A couple of things. First, a minimal circuit is not the same as a speed-prior-minimal algorithm. Minimal circuits have to be minimal in width + depth, so a GLUT would definitely lose out. Second, even if you’re operating on pure speed, I think there are sets of tasks that are large enough that a GLUT won’t work. For example, consider the task of finding the minimum of an arbitrary convex function. Certainly for the infinite set of all possible convex functions (on the rationals, say), I would be pretty surprised if something like gradient descent weren’t the fastest way to do that. Even if you restrict to only finitely many convex functions, if your set is large enough it still seems hard to do better than gradient descent, especially since looking up the solution in a huge GLUT could be quite expensive (how do you do the lookup? a hash table? a binary tree? I’m not sure if those would be good enough here).

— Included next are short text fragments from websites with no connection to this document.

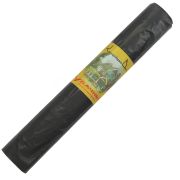 Мешки для мусора, 120 л, черные, в рулоне 10 шт., ПВД, 30 мкм, 70х110 см, КОНЦЕПЦИЯ БЫТА «Удачные», 0152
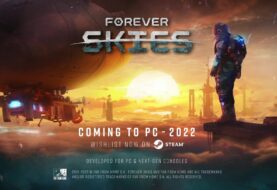 Свежий трейлер выживастика Forever Skies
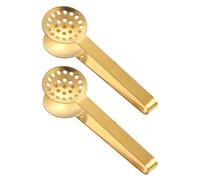 Presse-sachet De Thé En Acier Pince Distributrice Résistante À La Pour Une Expérience Brassage Parfaite Idéal Pour Les Buveurs Distributeur Sachets En Acier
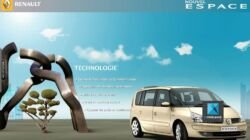 Site de lancement Renault Espace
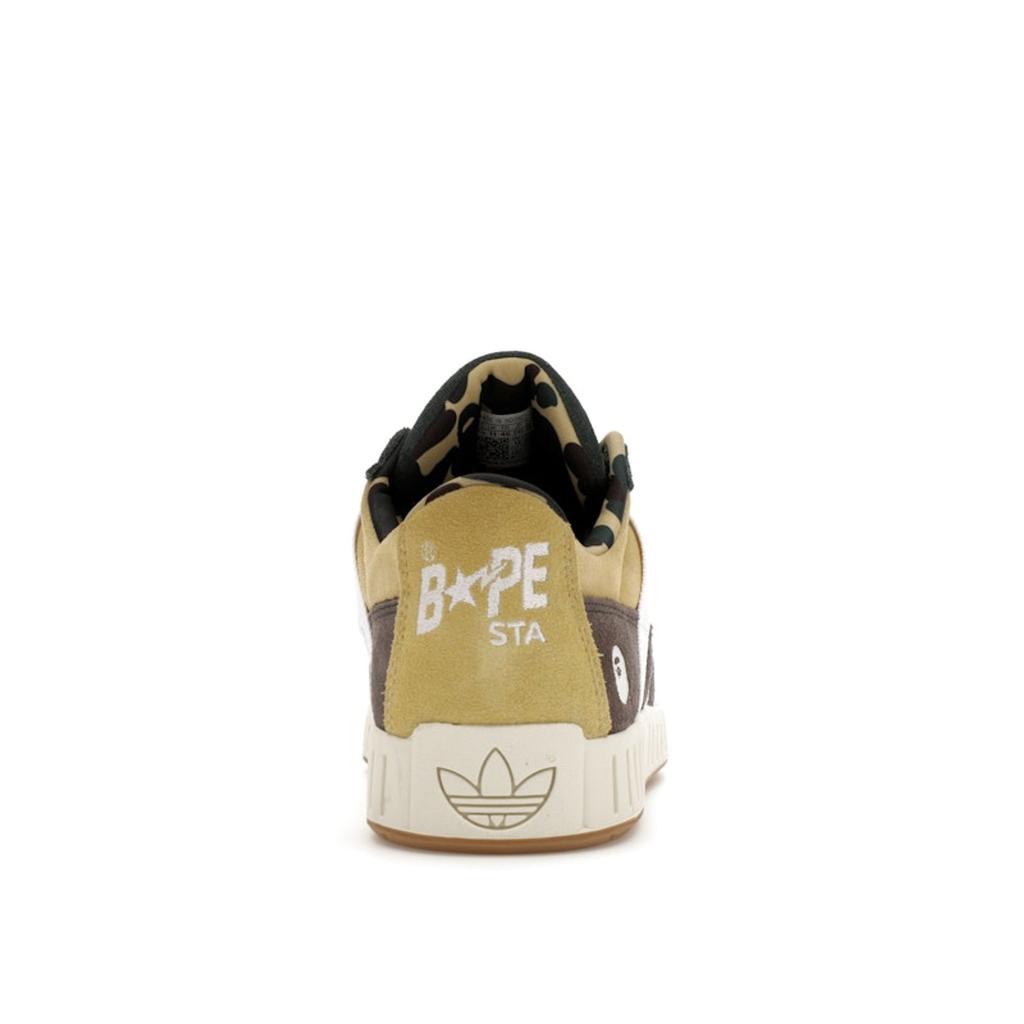 BAPE x adidas LWST Sand Unisex Sneaker Tan Cloud-White Core-White IE6118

I don’t really understand this—my understanding is that with a minimal circuit, you want to minimize the number of gates in the circuit, and the circuit must be a DAG (if you’re allowed to have loops + clocks, then you can build a regular computer, and for complex tasks the problem should be very similar to finding the shortest program and implementing it on a universal circuit).
But then I can create a Turing Machine that interprets its input as a circuit, and simulates each gate of the circuit in sequence. Then the running time of the TM is proportional to the number of gates in the circuit, so an input with minimal running time should be a circuit with the minimal number of gates. This is not technically a Universal TM, since loop-free circuits are not Turing-complete, but I would expect a speed prior using such a Turing Machine would be relatively similar to a speed prior with a true UTM.
EDIT: I no longer endorse the above point. Just because there exists a speed prior that aligns with minimal circuits doesn’t mean that this is the “typical” speed prior. In general there really should be a difference between a “minimal circuit” and a “fastest program” (precisely the depth + width vs. depth point Evan made in the parent comment).
I agree that if you have to work on an infinite set of inputs, a GLUT is not the way to do that. I was thinking of the case where you have to work on a small finite set of inputs (hence why I talk about the optimal trajectory instead of the optimal policy), which is always going to be the case in the real world. But this is too pedantic, we can certainly think of the theoretical case where you have to work on an infinite set of inputs. I was mostly trying to use the GLUT as an intuition pump, not arguing that it was always better.
In the case with infinite inputs, I still have the intuition that meta learning is what you do when you don’t know enough about the problem to write down the good heuristics straight away, as opposed to being the fastest way of solving the problem. But I agree that the fastest solution won’t be a GLUT; I’m thinking more a combination of really good heuristics that “directly” solve the problem. (Part of this is an intuition that for any reasonably structured set of inputs, value-neutral optimization of a fixed objective is very inefficient.)